> _Exercise details_
Copy out the data in full and exactly, passing over the pictures.

> _Raw data_
--
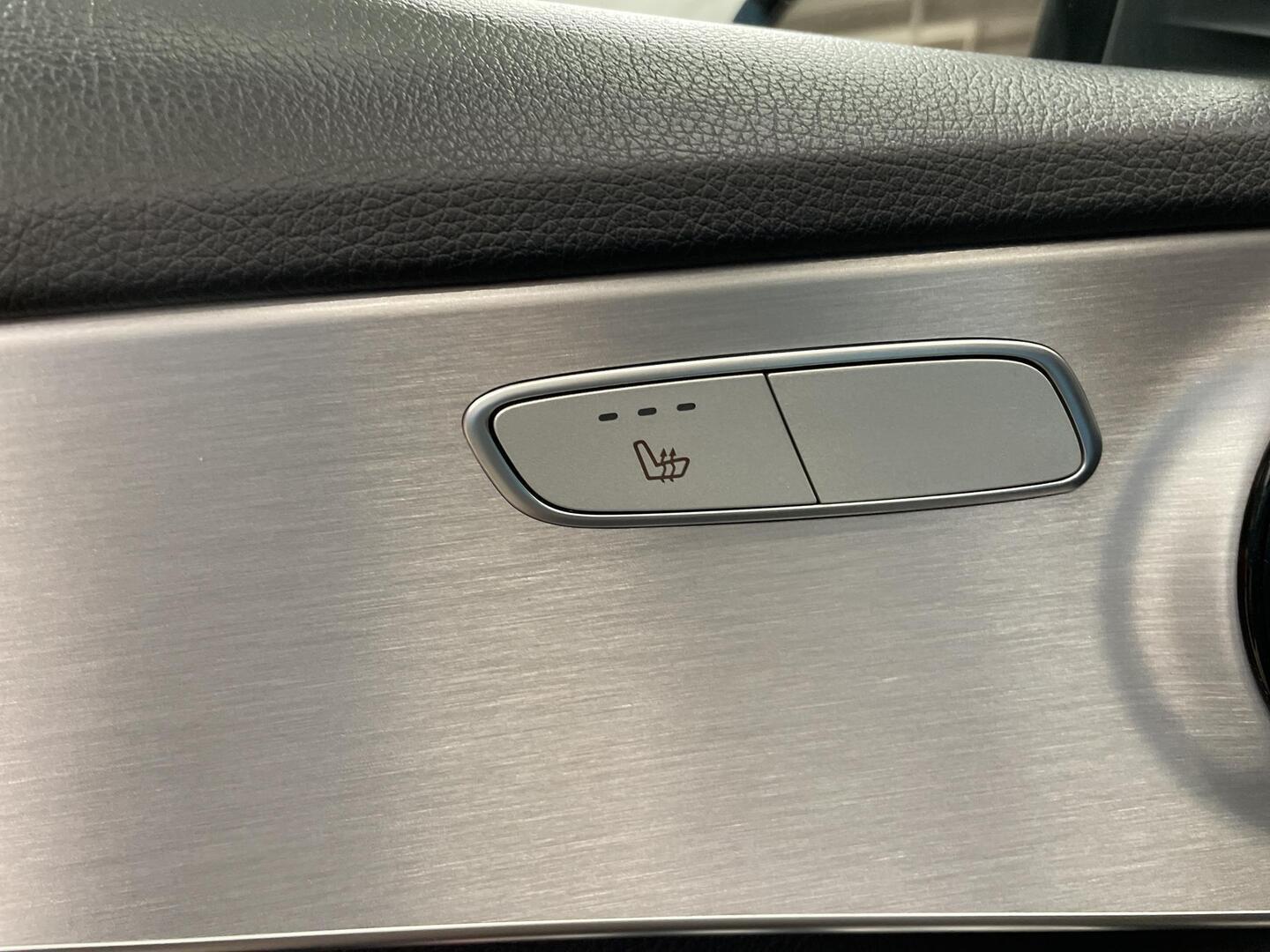 MERCEDES-BENZ C 2017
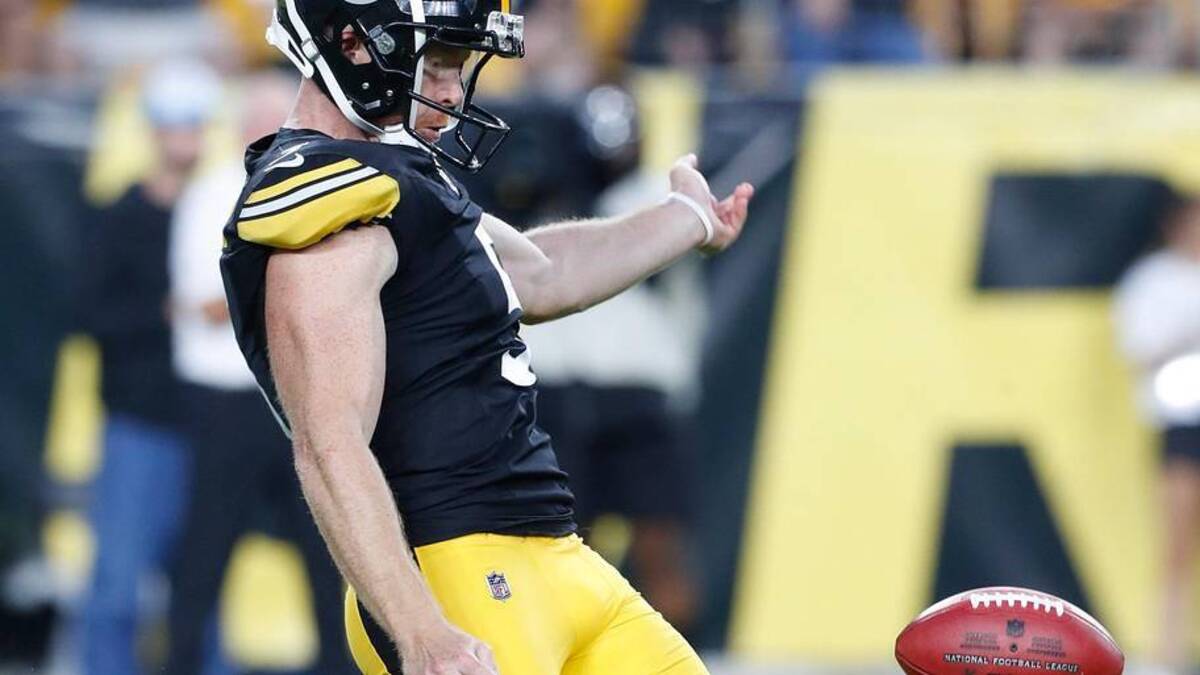 Aug 17, 2024; Pittsburgh, Pennsylvania, USA; Pittsburgh Steelers punter Cameron Johnston (5) punts the ball to the Buffalo Bills during the second quarter at Acrisure Stadium. Mandatory Credit: Charles LeClaire-Imagn Images | Charles LeClaire-Imagn Images 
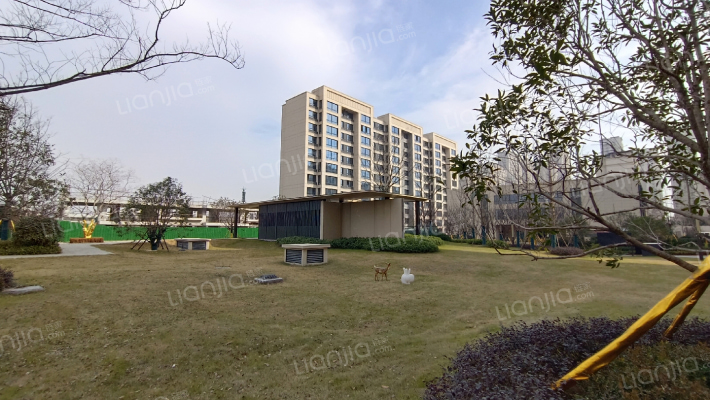 山河珑胤外景图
--
> _Response to the task_
 MERCEDES-BENZ C 2017
 Aug 17, 2024; Pittsburgh, Pennsylvania, USA; Pittsburgh Steelers punter Cameron Johnston (5) punts the ball to the Buffalo Bills during the second quarter at Acrisure Stadium. Mandatory Credit: Charles LeClaire-Imagn Images | Charles LeClaire-Imagn Images 
 山河珑胤外景图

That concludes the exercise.